[Crawled caption data]

--------------------------------

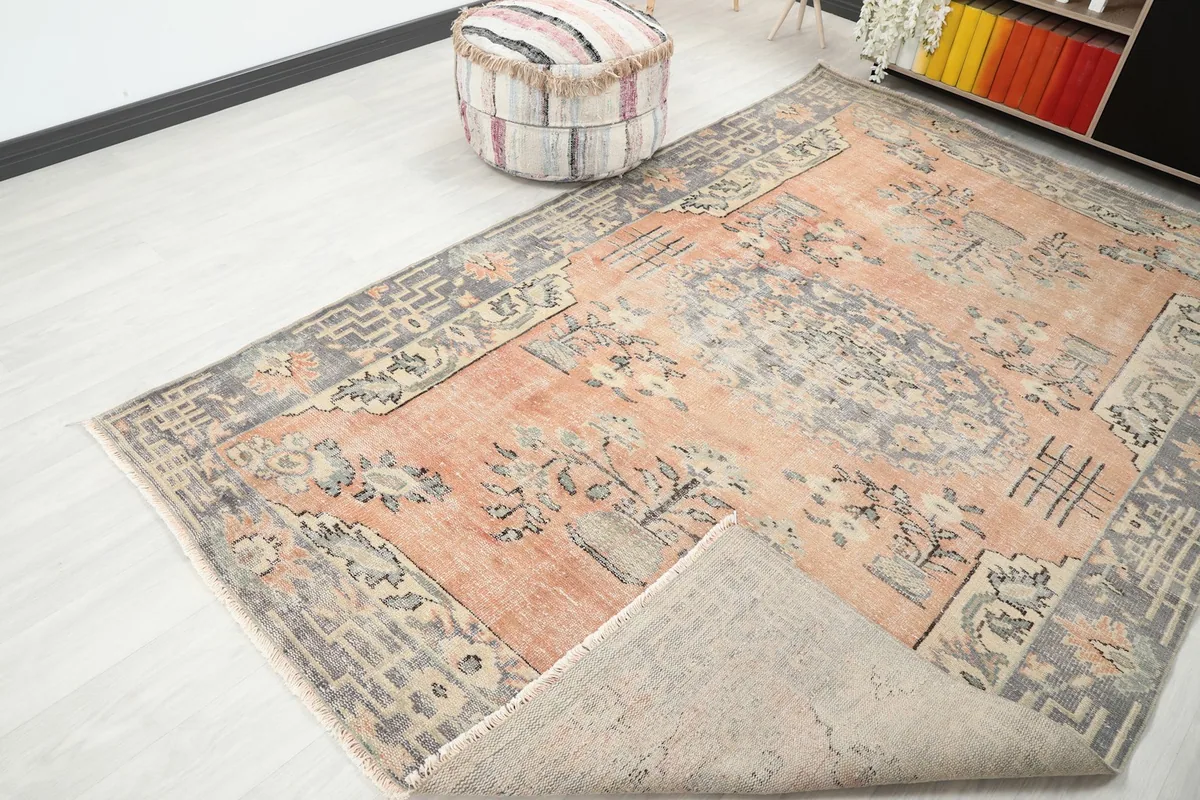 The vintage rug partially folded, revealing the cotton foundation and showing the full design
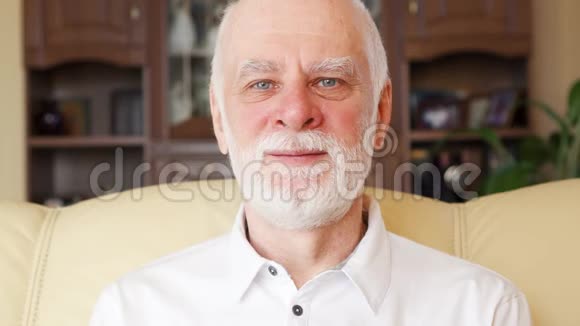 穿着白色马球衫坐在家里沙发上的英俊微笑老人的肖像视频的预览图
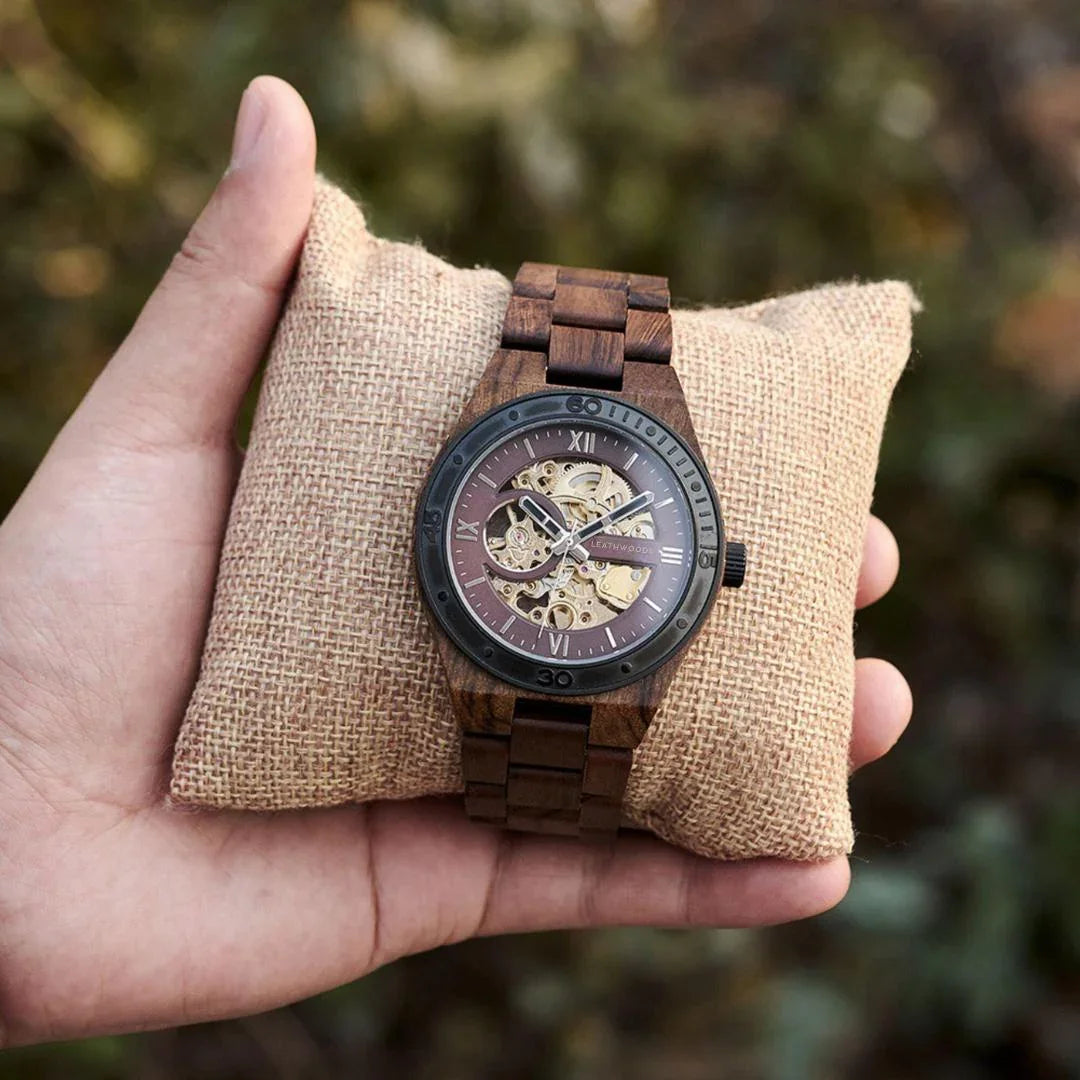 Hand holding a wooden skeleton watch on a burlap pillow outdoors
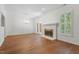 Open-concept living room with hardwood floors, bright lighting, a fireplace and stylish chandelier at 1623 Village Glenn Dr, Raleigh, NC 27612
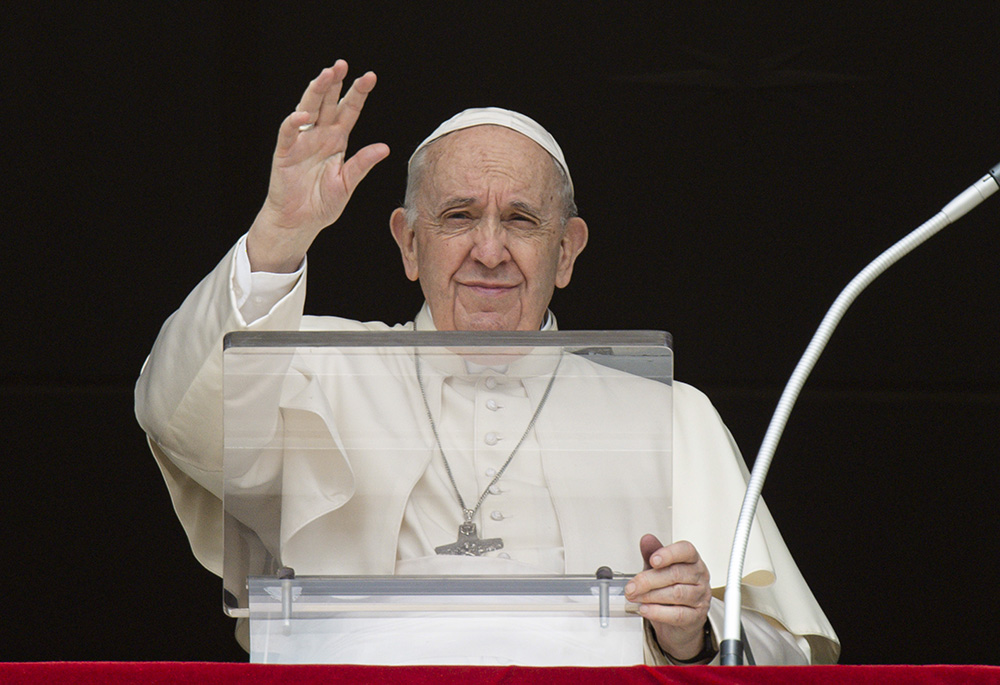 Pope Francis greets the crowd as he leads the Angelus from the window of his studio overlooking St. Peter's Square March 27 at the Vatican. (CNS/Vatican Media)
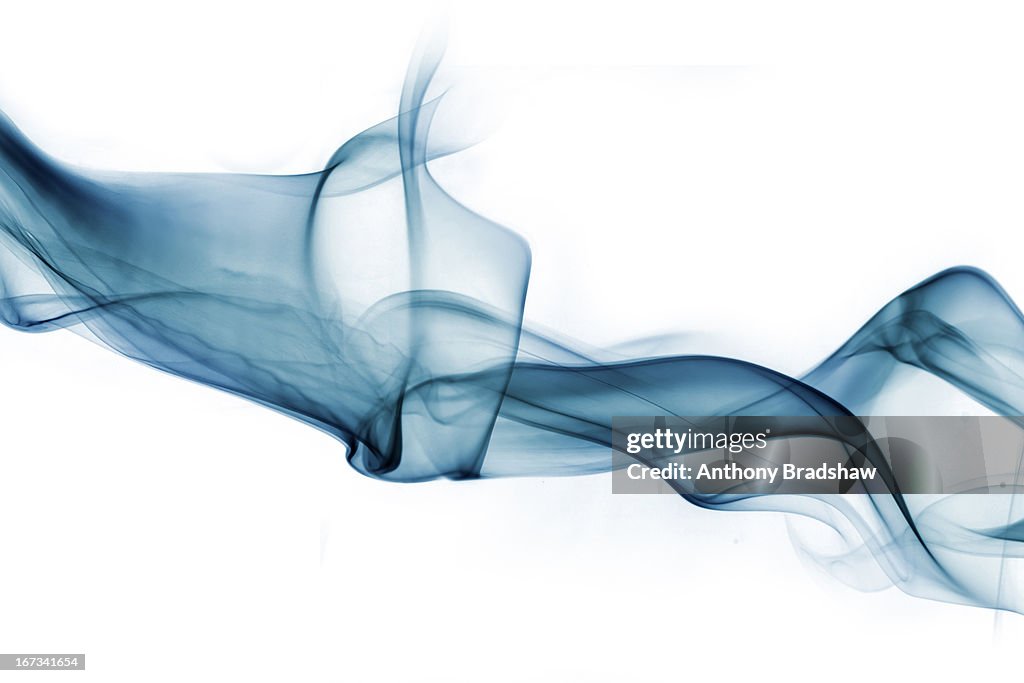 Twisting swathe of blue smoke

--------------------------------

* **Problem**:
Your output must consist only of the lines from the line with "Pope Francis greets" through the final line of the data, both included, reproduced exactly and free of pictures.

* **Problem solution**:
 Pope Francis greets the crowd as he leads the Angelus from the window of his studio overlooking St. Peter's Square March 27 at the Vatican. (CNS/Vatican Media)
 Twisting swathe of blue smoke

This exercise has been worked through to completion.